Italian city of Palermo services and operations suffer from cyberattack
The Italian city of Palermo has been hit by a cyberattack that has affected a range of services and operations. The incident affected the city's video surveillance systems, the central police station and all municipal services. As a result of the incident, it became impossible to use any public service based on a digital system. Everything points to Palermo being the victim of ransomware.
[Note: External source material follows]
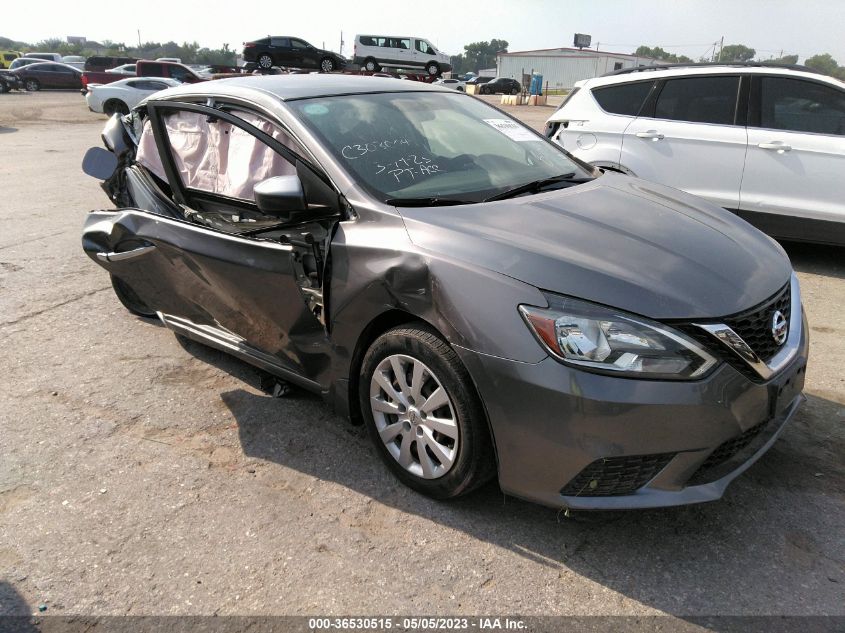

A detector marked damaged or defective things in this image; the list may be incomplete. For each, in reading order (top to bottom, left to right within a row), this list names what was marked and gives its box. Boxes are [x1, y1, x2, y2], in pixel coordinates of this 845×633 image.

detached side mirror [82, 146, 118, 180]
detached side mirror [258, 174, 314, 221]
For example, the city authorities reported that all information systems were shut down and isolated from the network, which is typical in the event of ransomware attacks.
Roblox sells ransomware
Security researchers discovered a new WannaFriendMe ransomware. The program operator does not require to pay a ransom using cryptocurrency, but offers to buy a decryptor in the Roblox Game Pass store using Robux.
When you visit the Roblox Game Pass store URL, you can see that "Ryuk Decrypter" is being sold by a user called "iRazormind" for 1499 Robux and was last updated on June 5th.
The BlackCat group attacked the University of Pisa
BlackCat claimed responsibility for the cyberattack on the University of Pisa. According to the attackers' demands, the university had to pay $4.5 million by June 16. The extortionists threatened to release confidential university data if the ransom was not paid on time.
The attack came at a critical time for Italy, already weakened by another cyber attack that wreaked havoc in Palermo.
Cloudflare, a site protection company, experienced a global outage, as a result of which many popular Internet services stopped working, including the Discord messenger, Feedly news aggregator, NordVPN VPN service.
Users of League of Legends, Shopify and Coinbase also complain about access problems.
All the necessary measures to restore the work of Cloudflare have already been carried out. At the moment, experts monitor the work of services.
According to the company, the outage affected 19 data centers that "handle a significant portion of our global traffic."
The cause of the problem was a network configuration change in prefixes which meant that many IP addresses were no longer available.
Facebook and Messenger phishing campaign affected 8.5 million users
Researchers uncovered a large-scale phishing campaign that used Facebook and Messenger to lure millions of users to phishing pages to collect credentials and serve ads. The attacker from the stolen accounts sent additional phishing messages to the victim's friends, earning significant advertising revenue.
To bypass phishing URL protections, messages used approved URL generation services "litch.me", "known.co", "amaze.co", and "funnel-preview.com". Phishing pages were visited by 8.5 million users and entered their credentials. After entering the data, there were multiple redirects to advertising pages, survey forms, etc. From all the redirects, the attacker received referral income of several million dollars.